Back to work with design, we met with all the teachers to find out how they would like to work with us. It was incredibly motivating to see how much the teachers were willing to work with us, instantly giving us a backlog of features. I guess if you moved to a remote community in the Arctic, you must be passionate about growing the community. However, it must be mentioned how strong the sense of community is; if someone doesn’t know someone, they try to find a connection through either family or friends. It’s no surprise that the community is bonded together so tightly. For us to travel here, we took a boat, four flights, and a two-hour truck ride. We even got delayed by a day because the snowmelt washed the road away. It’s incredible to witness the strength that the community has, with each member wanting to see it succeed and rebound from the effects of colonization and residential schools. They will succeed with or without our help; you have to be hardy to live in such a place. It’s unbelievable to be a part of such a much larger movement.

Where the Project Is Currently

Our educational app is evolving with a much more focused and clear path now that we had very productive meetings with the kids in school and the teachers. We have been given a wishlist of things from the teachers to begin designing the version of the tool we will deploy in classes in September. In the next couple of days, we are going to focus on finding the best way to work together when our Victoria team goes home. As well as learning how our Tuk team ambassadors (the original youth and a few more students) plan on helping with recording the voices to aid with pronunciation. They will also help with engaging their classmates to grow support and help us with growing our community partners. We have been holding design workshops with the ambassadors, working through ideas and ideating. Working in the high school shop classroom, the UVIC team has been learning as we go with interviewing, design, and implementation. It helps that we have a professor who teaches design! However, lectures and assignments in university can only prepare you for so much. The work ahead is going to be some of the most difficult we’ve done, but we are ready for the challenge!

 Welcoming Community

I want to share another story about our experience getting up north when we got stuck because of a washed-out road. If that’s not a slap in the face of how we are at the mercy of the environment out here, I don’t know what is. Talking to the people that live here who aren’t the ones that invited us, we heard about how difficult living up here can be. They are stressed about climate change and work because the land is their livelihood. When we got stuck in Inuvik, we got to spend an extra day with Chase. We had nowhere to go so we went to the Cultural Center, and two very welcoming people showed us the art they had in the building. We ended up making 3D models of the art for their website. They gave us more resources and shared their experiences with residential schools. They wanted us to watch a movie with them, Indian Horse, a heavy film about residential schools. One of my takeaways was how the community speaks about people dealing with substance abuse. There is a large understanding of why and a collective goal to heal as a community, which was really heartwarming to see. On our last day there we got to watch the Inuvialuit Day celebrations; there was a drum dance performance which only ended once everyone got off their seats and joined in! It was wonderful to watch as they had every generation up there performing for the town. Working on this project, we have met many incredibly strong individuals and inspiring people. Ultimately, we hope that we breathe more energy into it.

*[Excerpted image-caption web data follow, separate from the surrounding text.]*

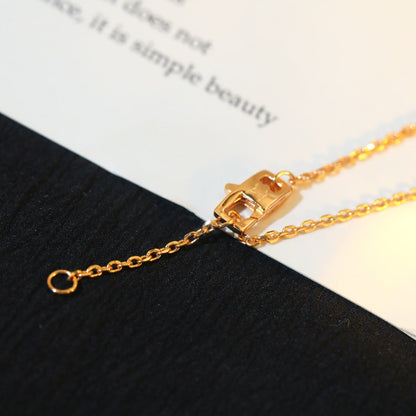 [Star Jewelry]STAR AND SUN DIAMOND PINK GOLD NECKLACE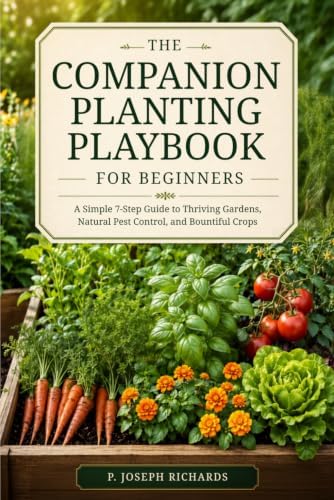 The Companion Planting Playbook for Beginners: A Simple 7-Step Guide to Thriving Gardens, Natural Pest Control, and Bountiful Crops by P. Joseph Richards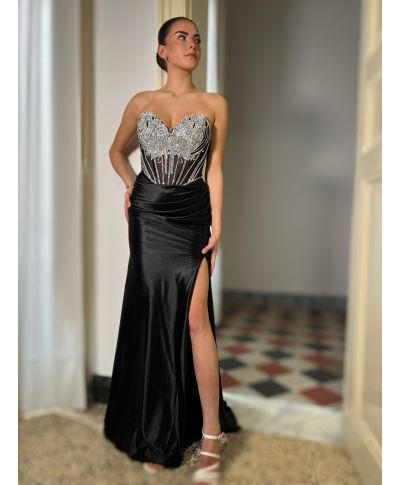 Vestito da cerimonia con corpetto gioiello - Nizza - Vestiti da diciottesimo - Gogolfun.it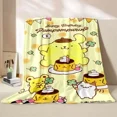 thumbnail image 6 of Japanese Pompom Purin Cartoon Blanket Children Room Soft Fluffy Soft Bed Plush Throws Baby Girl Boys Plush Blanket Quilt Gift, 6 of 9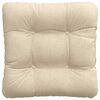 vidaXL Seat Cushions 4 pcs Cream 45 x 45 x 12 cm Fabric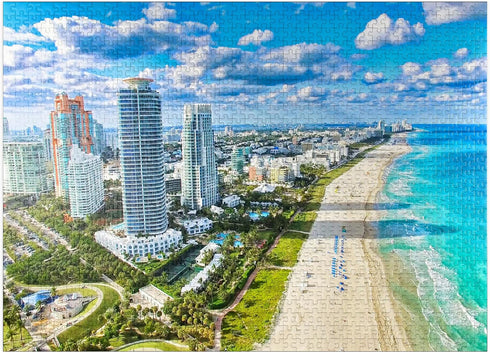 MyPuzzle Premium 1000 Piece Jigsaw Puzzle - South Beach Miami Beach Florida USA for Adults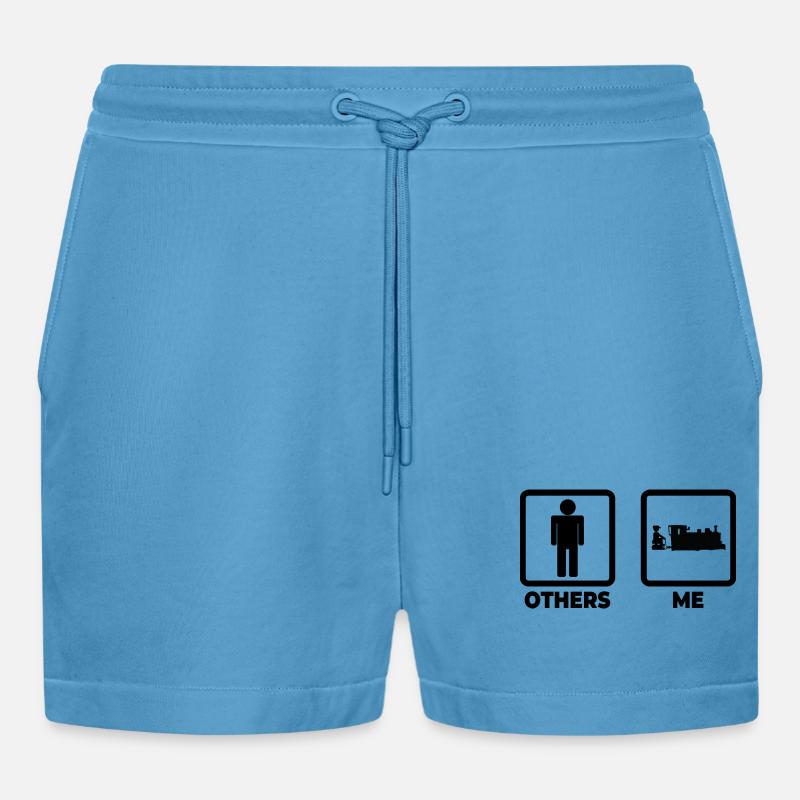 Leben eines Eisenbahners - Organic Relaxed Cropped Shorts Made in EU -  Sol Blue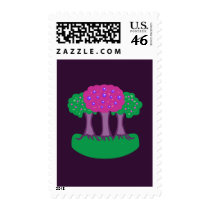 Candy Trees postage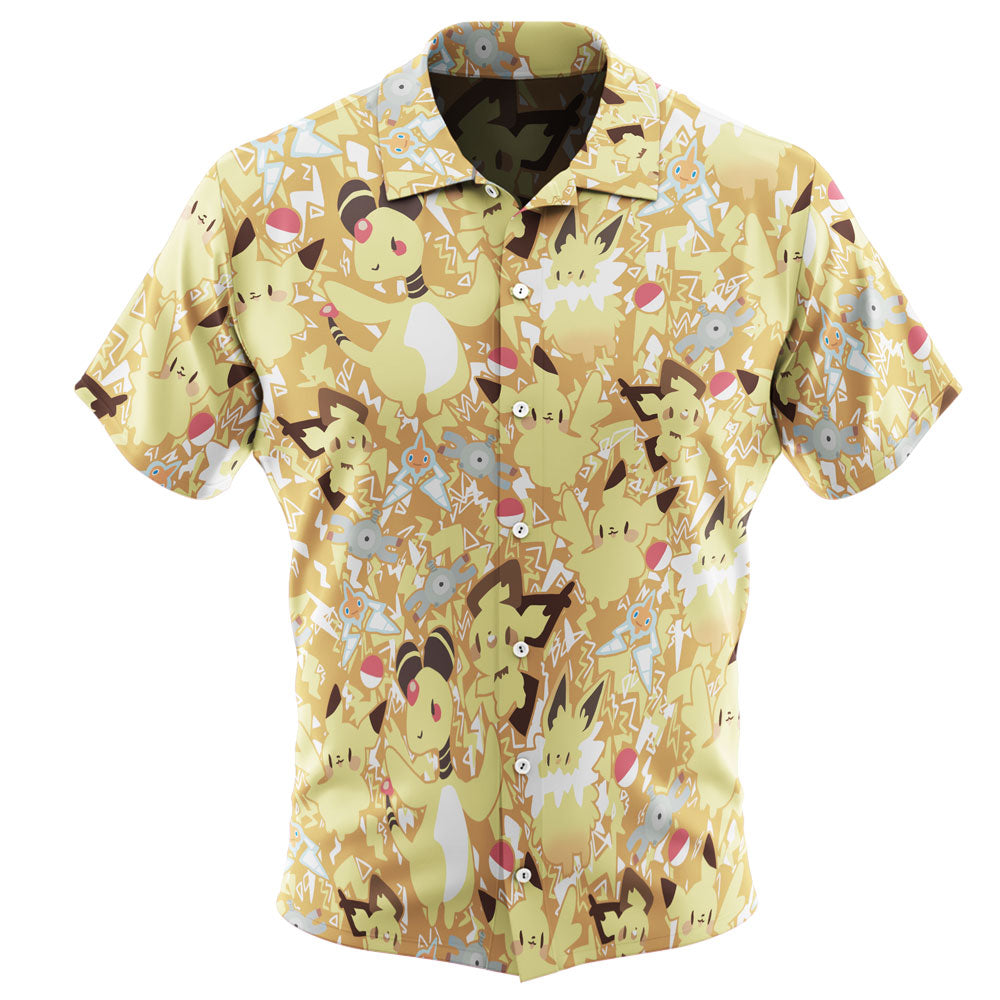 Electric Type Pokemon Hawaiian Shirt Men Women - Tropi Hawaiian Shirts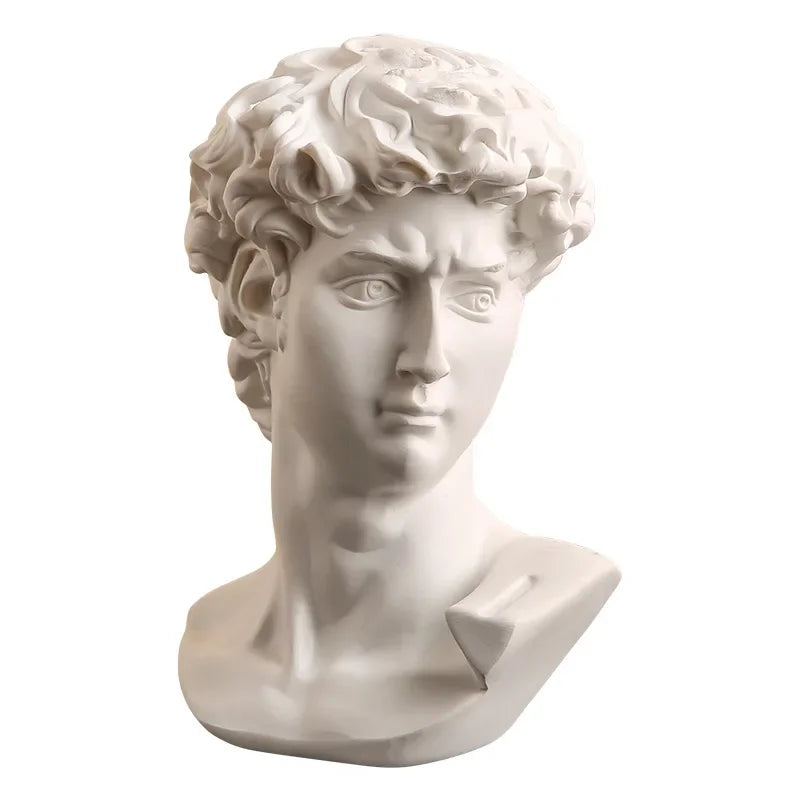 Apollo Bust Greek and Roman Mythology God of Sunlight Resin Head Bust Sculpture Figurine Home Decor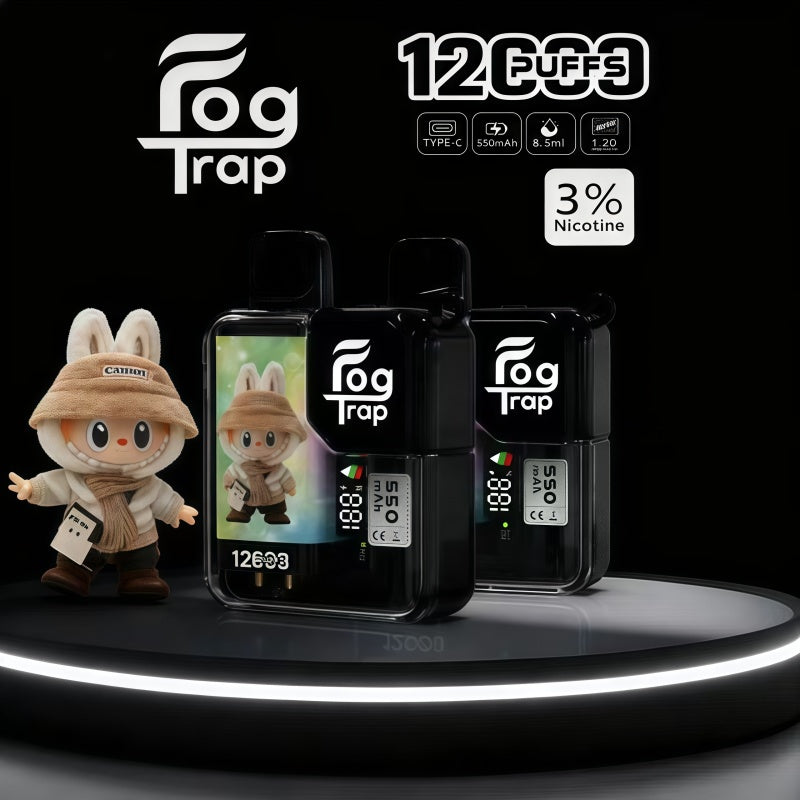 Fog Trap 12000口大容量拋棄式電子煙 | 拉布布・蠟筆小新聯名款 | 8.5ml・LCD 顯示 |VAKA糖果雲煙館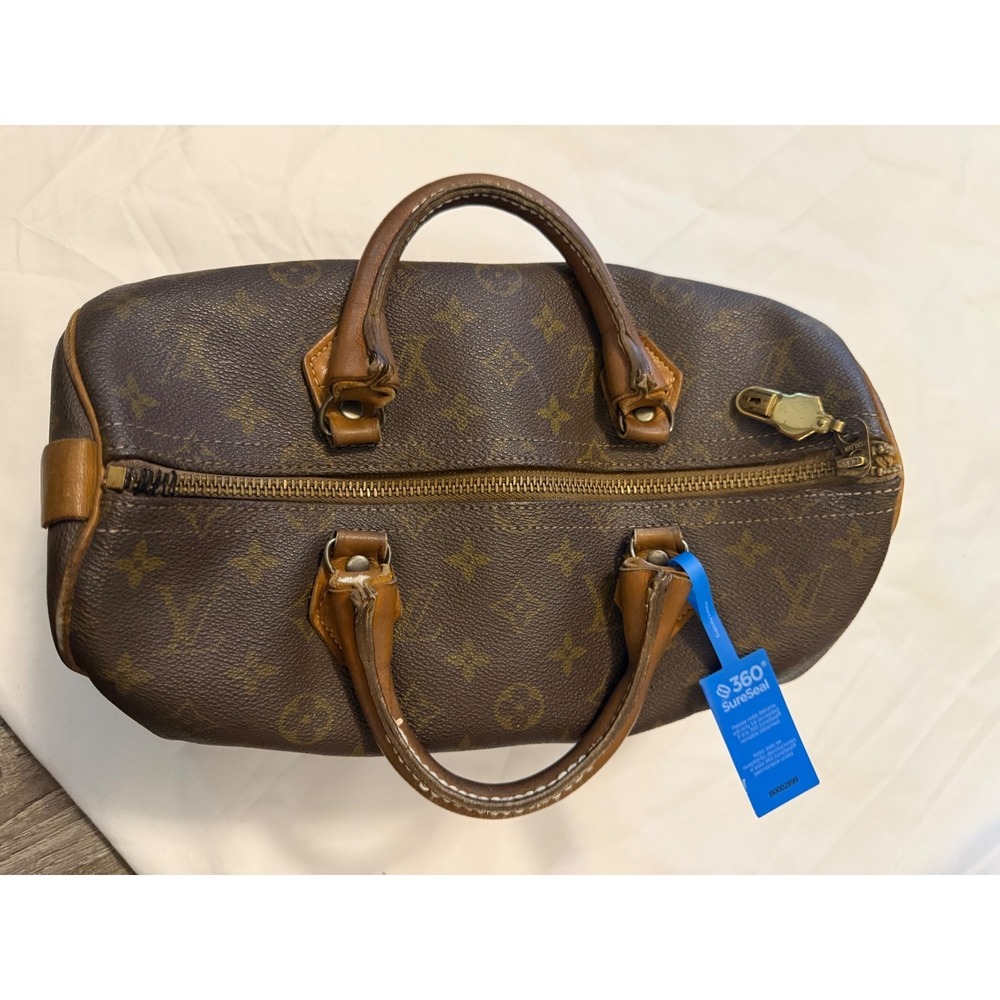 Vintage Louis Vuitton French Company Speedy 30 Monogram Bag 70s 80s Rare - Picture 6 of 13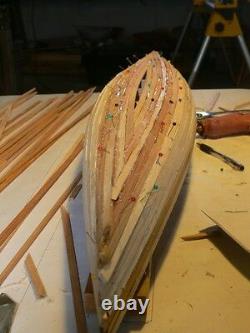 54 Canoe model kit, Authentic canoe construction, easy to build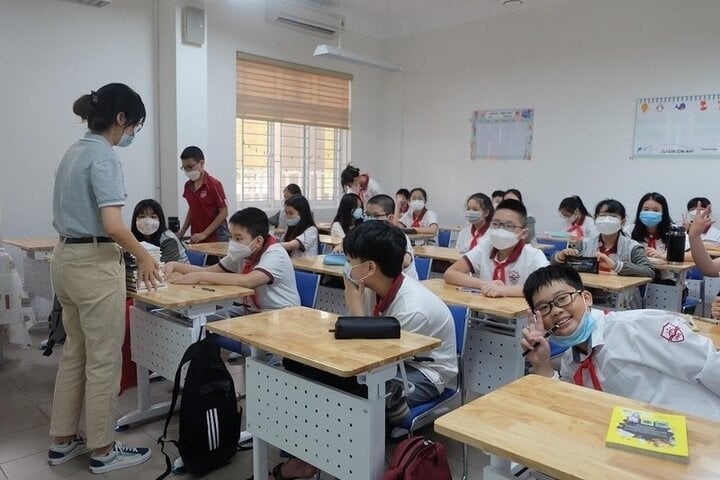 Trường cấp 2 hot nhất nhì Hà Nội tăng bài kiểm tra thi vào lớp 6 - Ảnh 1.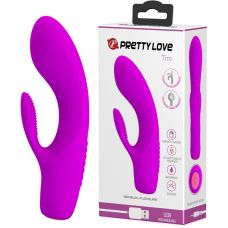 Вібратор зі стимуляцією клітора та точки Джи фіолетовий Pretty Love TIM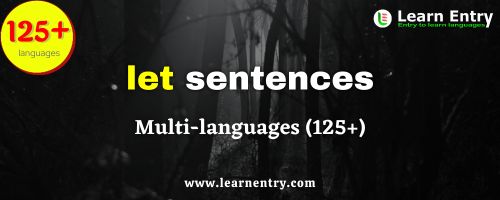 Let sentences in multi-languages (125+)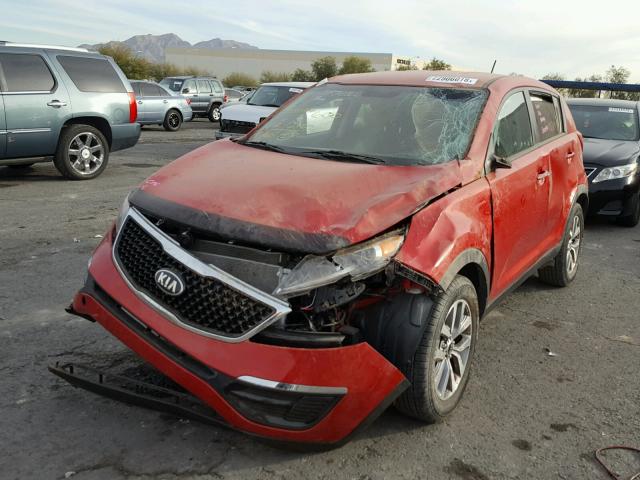 KNDPB3AC0E7589844 - 2014 KIA SPORTAGE B RED photo 2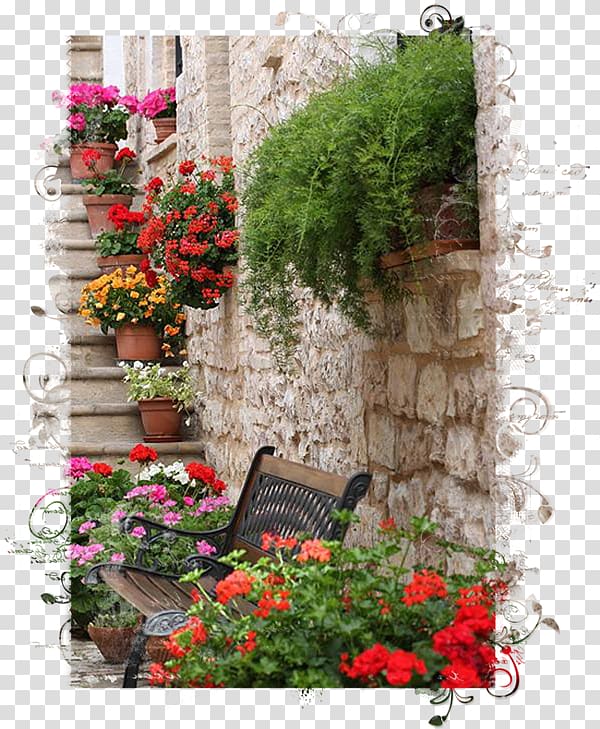 Flowerpot Spello Garden Green wall, flower transparent background PNG clipart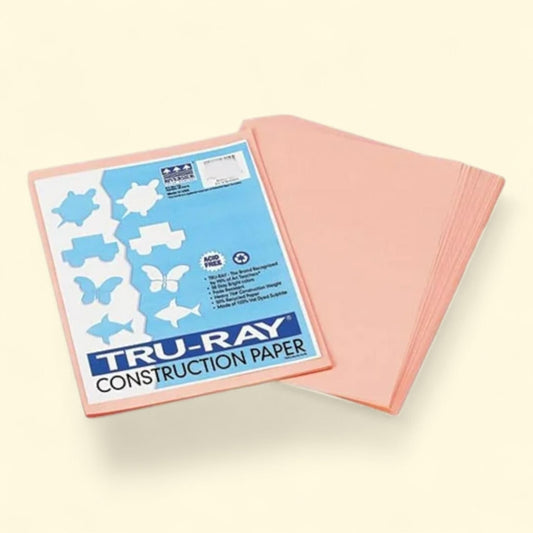Tru-Ray Construction Paper, 9 x 12 Inches, Salmon, 50 Sheets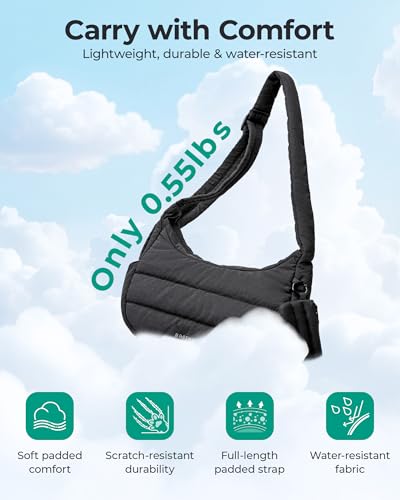 BAGSMART Shoulder Bag for Women Small Puffer Purses Crossbody Bag, Lightweight Fluffy Hobo Handbag Puffy Pouch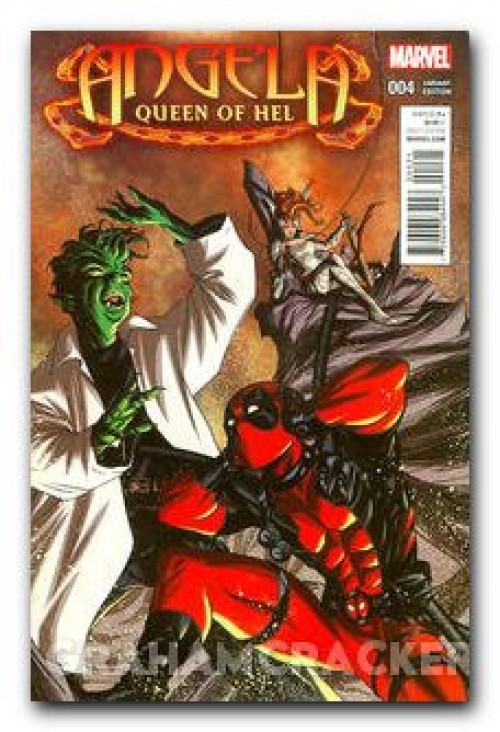 Angela Queen Of Hel #4 deadpool variant cover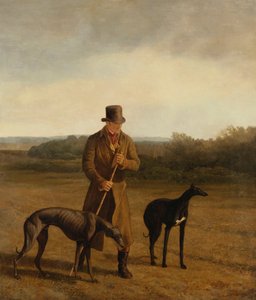 Portrait of Lord Rivers with Two Greyhounds, c.1825 by Jacques Laurent Agasse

How We Are Going to Continue Working

As we have been planning our continued collaboration, we are planning over the summer to work in close contact with weekly FaceTime meetings with Miley, Sophie, Chase, and Darryl, and hopefully the two new members. We will be showing them our progress as we go, and they will show us their hi-fi prototypes with Figma, interviewing elders, and helping with additional content. Additionally, we will be having weekly meetings with several teachers, including two Inuvialuktun teachers to showcase our prototypes that involve their wishlist. We will be intently listening to their feedback and revising based on it. With each sprint iteration, we hope to bring in a new feature to show off!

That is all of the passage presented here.